Work to be completed: An exact repetition of all the entries that follow is required.

Records for the task:
________________
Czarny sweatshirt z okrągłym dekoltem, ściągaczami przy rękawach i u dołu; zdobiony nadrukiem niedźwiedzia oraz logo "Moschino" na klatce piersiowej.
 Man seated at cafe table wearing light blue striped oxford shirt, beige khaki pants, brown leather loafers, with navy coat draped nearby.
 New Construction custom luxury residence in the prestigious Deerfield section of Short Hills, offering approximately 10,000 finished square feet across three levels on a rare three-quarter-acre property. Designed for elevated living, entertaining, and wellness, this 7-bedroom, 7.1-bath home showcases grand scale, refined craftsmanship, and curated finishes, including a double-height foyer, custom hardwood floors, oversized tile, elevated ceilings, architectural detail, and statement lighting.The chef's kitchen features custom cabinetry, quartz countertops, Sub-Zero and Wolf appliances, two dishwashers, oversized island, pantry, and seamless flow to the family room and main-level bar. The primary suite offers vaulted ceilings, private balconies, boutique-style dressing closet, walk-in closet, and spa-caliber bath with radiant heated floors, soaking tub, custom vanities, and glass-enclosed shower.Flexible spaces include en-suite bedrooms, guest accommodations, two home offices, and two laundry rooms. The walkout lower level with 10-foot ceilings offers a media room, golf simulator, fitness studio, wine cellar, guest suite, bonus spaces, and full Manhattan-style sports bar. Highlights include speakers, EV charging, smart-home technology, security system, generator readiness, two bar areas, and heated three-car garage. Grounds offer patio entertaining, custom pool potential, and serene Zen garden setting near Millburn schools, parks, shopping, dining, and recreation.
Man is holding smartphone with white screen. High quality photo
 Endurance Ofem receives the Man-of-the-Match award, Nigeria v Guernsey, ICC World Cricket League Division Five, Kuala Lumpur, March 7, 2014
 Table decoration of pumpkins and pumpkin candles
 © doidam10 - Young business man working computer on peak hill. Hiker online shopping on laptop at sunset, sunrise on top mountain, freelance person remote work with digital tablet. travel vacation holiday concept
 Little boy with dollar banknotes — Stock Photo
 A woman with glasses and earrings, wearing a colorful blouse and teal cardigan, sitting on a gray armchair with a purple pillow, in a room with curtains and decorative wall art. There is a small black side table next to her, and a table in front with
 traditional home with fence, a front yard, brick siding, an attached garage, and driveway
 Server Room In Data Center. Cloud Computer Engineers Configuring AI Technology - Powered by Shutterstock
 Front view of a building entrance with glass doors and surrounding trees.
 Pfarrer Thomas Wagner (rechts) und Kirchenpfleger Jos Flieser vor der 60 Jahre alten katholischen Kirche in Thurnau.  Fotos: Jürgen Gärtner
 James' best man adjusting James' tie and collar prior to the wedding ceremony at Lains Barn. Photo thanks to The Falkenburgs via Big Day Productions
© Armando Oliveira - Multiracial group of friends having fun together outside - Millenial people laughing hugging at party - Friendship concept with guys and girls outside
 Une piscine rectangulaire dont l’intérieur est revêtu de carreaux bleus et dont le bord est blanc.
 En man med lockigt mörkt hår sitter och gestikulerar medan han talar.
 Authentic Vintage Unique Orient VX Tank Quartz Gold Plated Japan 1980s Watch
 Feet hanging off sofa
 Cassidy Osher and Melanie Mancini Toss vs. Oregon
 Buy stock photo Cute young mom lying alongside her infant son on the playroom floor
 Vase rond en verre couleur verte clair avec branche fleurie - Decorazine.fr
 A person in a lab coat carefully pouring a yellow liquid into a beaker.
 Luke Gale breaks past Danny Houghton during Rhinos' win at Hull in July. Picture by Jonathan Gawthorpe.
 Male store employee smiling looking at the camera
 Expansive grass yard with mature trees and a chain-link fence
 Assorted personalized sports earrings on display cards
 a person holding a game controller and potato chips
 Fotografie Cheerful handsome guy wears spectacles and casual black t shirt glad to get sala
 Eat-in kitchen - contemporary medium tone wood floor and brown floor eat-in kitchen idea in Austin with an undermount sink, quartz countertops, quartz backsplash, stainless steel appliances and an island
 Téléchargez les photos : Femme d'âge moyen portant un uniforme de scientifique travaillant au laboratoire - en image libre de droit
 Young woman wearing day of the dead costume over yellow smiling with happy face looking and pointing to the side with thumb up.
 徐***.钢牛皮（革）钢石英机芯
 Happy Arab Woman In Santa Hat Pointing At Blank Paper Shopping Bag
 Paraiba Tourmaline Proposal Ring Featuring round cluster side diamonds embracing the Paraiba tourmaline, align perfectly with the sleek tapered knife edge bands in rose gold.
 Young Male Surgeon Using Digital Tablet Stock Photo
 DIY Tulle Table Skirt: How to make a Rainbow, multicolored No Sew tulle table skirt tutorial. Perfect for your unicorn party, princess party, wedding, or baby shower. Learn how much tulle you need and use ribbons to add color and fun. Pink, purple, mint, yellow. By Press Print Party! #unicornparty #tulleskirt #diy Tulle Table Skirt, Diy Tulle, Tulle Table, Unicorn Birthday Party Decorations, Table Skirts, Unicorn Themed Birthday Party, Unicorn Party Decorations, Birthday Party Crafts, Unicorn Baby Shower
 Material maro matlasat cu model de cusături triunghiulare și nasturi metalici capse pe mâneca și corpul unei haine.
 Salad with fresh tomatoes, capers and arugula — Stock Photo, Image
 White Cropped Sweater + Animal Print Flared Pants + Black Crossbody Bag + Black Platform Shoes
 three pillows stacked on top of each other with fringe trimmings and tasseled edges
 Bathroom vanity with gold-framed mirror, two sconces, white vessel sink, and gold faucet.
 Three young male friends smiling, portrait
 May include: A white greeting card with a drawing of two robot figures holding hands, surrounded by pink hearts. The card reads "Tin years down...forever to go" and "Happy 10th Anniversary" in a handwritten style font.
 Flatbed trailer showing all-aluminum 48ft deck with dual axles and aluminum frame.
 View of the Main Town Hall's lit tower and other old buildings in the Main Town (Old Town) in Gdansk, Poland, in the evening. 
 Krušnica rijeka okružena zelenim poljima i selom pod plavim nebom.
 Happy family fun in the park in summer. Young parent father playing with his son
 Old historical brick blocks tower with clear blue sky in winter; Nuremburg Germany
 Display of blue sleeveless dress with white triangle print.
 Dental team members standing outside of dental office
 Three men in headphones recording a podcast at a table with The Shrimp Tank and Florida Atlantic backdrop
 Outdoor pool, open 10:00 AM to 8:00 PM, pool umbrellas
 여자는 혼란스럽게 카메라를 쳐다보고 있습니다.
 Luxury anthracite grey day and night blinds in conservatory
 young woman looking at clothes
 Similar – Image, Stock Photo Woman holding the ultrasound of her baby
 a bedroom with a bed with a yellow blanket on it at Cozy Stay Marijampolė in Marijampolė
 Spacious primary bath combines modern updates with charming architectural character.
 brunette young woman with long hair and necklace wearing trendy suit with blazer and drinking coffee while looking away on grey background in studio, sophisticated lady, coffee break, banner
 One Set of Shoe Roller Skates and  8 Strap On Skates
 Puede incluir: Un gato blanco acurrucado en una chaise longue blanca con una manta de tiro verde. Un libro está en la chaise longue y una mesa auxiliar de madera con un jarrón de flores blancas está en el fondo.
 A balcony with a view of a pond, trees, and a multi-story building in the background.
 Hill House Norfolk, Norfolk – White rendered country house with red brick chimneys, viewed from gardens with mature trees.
________________
Exercise result:
Czarny sweatshirt z okrągłym dekoltem, ściągaczami przy rękawach i u dołu; zdobiony nadrukiem niedźwiedzia oraz logo "Moschino" na klatce piersiowej.
 Man seated at cafe table wearing light blue striped oxford shirt, beige khaki pants, brown leather loafers, with navy coat draped nearby.
 New Construction custom luxury residence in the prestigious Deerfield section of Short Hills, offering approximately 10,000 finished square feet across three levels on a rare three-quarter-acre property. Designed for elevated living, entertaining, and wellness, this 7-bedroom, 7.1-bath home showcases grand scale, refined craftsmanship, and curated finishes, including a double-height foyer, custom hardwood floors, oversized tile, elevated ceilings, architectural detail, and statement lighting.The chef's kitchen features custom cabinetry, quartz countertops, Sub-Zero and Wolf appliances, two dishwashers, oversized island, pantry, and seamless flow to the family room and main-level bar. The primary suite offers vaulted ceilings, private balconies, boutique-style dressing closet, walk-in closet, and spa-caliber bath with radiant heated floors, soaking tub, custom vanities, and glass-enclosed shower.Flexible spaces include en-suite bedrooms, guest accommodations, two home offices, and two laundry rooms. The walkout lower level with 10-foot ceilings offers a media room, golf simulator, fitness studio, wine cellar, guest suite, bonus spaces, and full Manhattan-style sports bar. Highlights include speakers, EV charging, smart-home technology, security system, generator readiness, two bar areas, and heated three-car garage. Grounds offer patio entertaining, custom pool potential, and serene Zen garden setting near Millburn schools, parks, shopping, dining, and recreation.
Man is holding smartphone with white screen. High quality photo
 Endurance Ofem receives the Man-of-the-Match award, Nigeria v Guernsey, ICC World Cricket League Division Five, Kuala Lumpur, March 7, 2014
 Table decoration of pumpkins and pumpkin candles
 © doidam10 - Young business man working computer on peak hill. Hiker online shopping on laptop at sunset, sunrise on top mountain, freelance person remote work with digital tablet. travel vacation holiday concept
 Little boy with dollar banknotes — Stock Photo
 A woman with glasses and earrings, wearing a colorful blouse and teal cardigan, sitting on a gray armchair with a purple pillow, in a room with curtains and decorative wall art. There is a small black side table next to her, and a table in front with
 traditional home with fence, a front yard, brick siding, an attached garage, and driveway
 Server Room In Data Center. Cloud Computer Engineers Configuring AI Technology - Powered by Shutterstock
 Front view of a building entrance with glass doors and surrounding trees.
 Pfarrer Thomas Wagner (rechts) und Kirchenpfleger Jos Flieser vor der 60 Jahre alten katholischen Kirche in Thurnau.  Fotos: Jürgen Gärtner
 James' best man adjusting James' tie and collar prior to the wedding ceremony at Lains Barn. Photo thanks to The Falkenburgs via Big Day Productions
© Armando Oliveira - Multiracial group of friends having fun together outside - Millenial people laughing hugging at party - Friendship concept with guys and girls outside
 Une piscine rectangulaire dont l’intérieur est revêtu de carreaux bleus et dont le bord est blanc.
 En man med lockigt mörkt hår sitter och gestikulerar medan han talar.
 Authentic Vintage Unique Orient VX Tank Quartz Gold Plated Japan 1980s Watch
 Feet hanging off sofa
 Cassidy Osher and Melanie Mancini Toss vs. Oregon
 Buy stock photo Cute young mom lying alongside her infant son on the playroom floor
 Vase rond en verre couleur verte clair avec branche fleurie - Decorazine.fr
 A person in a lab coat carefully pouring a yellow liquid into a beaker.
 Luke Gale breaks past Danny Houghton during Rhinos' win at Hull in July. Picture by Jonathan Gawthorpe.
 Male store employee smiling looking at the camera
 Expansive grass yard with mature trees and a chain-link fence
 Assorted personalized sports earrings on display cards
 a person holding a game controller and potato chips
 Fotografie Cheerful handsome guy wears spectacles and casual black t shirt glad to get sala
 Eat-in kitchen - contemporary medium tone wood floor and brown floor eat-in kitchen idea in Austin with an undermount sink, quartz countertops, quartz backsplash, stainless steel appliances and an island
 Téléchargez les photos : Femme d'âge moyen portant un uniforme de scientifique travaillant au laboratoire - en image libre de droit
 Young woman wearing day of the dead costume over yellow smiling with happy face looking and pointing to the side with thumb up.
 徐***.钢牛皮（革）钢石英机芯
 Happy Arab Woman In Santa Hat Pointing At Blank Paper Shopping Bag
 Paraiba Tourmaline Proposal Ring Featuring round cluster side diamonds embracing the Paraiba tourmaline, align perfectly with the sleek tapered knife edge bands in rose gold.
 Young Male Surgeon Using Digital Tablet Stock Photo
 DIY Tulle Table Skirt: How to make a Rainbow, multicolored No Sew tulle table skirt tutorial. Perfect for your unicorn party, princess party, wedding, or baby shower. Learn how much tulle you need and use ribbons to add color and fun. Pink, purple, mint, yellow. By Press Print Party! #unicornparty #tulleskirt #diy Tulle Table Skirt, Diy Tulle, Tulle Table, Unicorn Birthday Party Decorations, Table Skirts, Unicorn Themed Birthday Party, Unicorn Party Decorations, Birthday Party Crafts, Unicorn Baby Shower
 Material maro matlasat cu model de cusături triunghiulare și nasturi metalici capse pe mâneca și corpul unei haine.
 Salad with fresh tomatoes, capers and arugula — Stock Photo, Image
 White Cropped Sweater + Animal Print Flared Pants + Black Crossbody Bag + Black Platform Shoes
 three pillows stacked on top of each other with fringe trimmings and tasseled edges
 Bathroom vanity with gold-framed mirror, two sconces, white vessel sink, and gold faucet.
 Three young male friends smiling, portrait
 May include: A white greeting card with a drawing of two robot figures holding hands, surrounded by pink hearts. The card reads "Tin years down...forever to go" and "Happy 10th Anniversary" in a handwritten style font.
 Flatbed trailer showing all-aluminum 48ft deck with dual axles and aluminum frame.
 View of the Main Town Hall's lit tower and other old buildings in the Main Town (Old Town) in Gdansk, Poland, in the evening. 
 Krušnica rijeka okružena zelenim poljima i selom pod plavim nebom.
 Happy family fun in the park in summer. Young parent father playing with his son
 Old historical brick blocks tower with clear blue sky in winter; Nuremburg Germany
 Display of blue sleeveless dress with white triangle print.
 Dental team members standing outside of dental office
 Three men in headphones recording a podcast at a table with The Shrimp Tank and Florida Atlantic backdrop
 Outdoor pool, open 10:00 AM to 8:00 PM, pool umbrellas
 여자는 혼란스럽게 카메라를 쳐다보고 있습니다.
 Luxury anthracite grey day and night blinds in conservatory
 young woman looking at clothes
 Similar – Image, Stock Photo Woman holding the ultrasound of her baby
 a bedroom with a bed with a yellow blanket on it at Cozy Stay Marijampolė in Marijampolė
 Spacious primary bath combines modern updates with charming architectural character.
 brunette young woman with long hair and necklace wearing trendy suit with blazer and drinking coffee while looking away on grey background in studio, sophisticated lady, coffee break, banner
 One Set of Shoe Roller Skates and  8 Strap On Skates
 Puede incluir: Un gato blanco acurrucado en una chaise longue blanca con una manta de tiro verde. Un libro está en la chaise longue y una mesa auxiliar de madera con un jarrón de flores blancas está en el fondo.
 A balcony with a view of a pond, trees, and a multi-story building in the background.
 Hill House Norfolk, Norfolk – White rendered country house with red brick chimneys, viewed from gardens with mature trees.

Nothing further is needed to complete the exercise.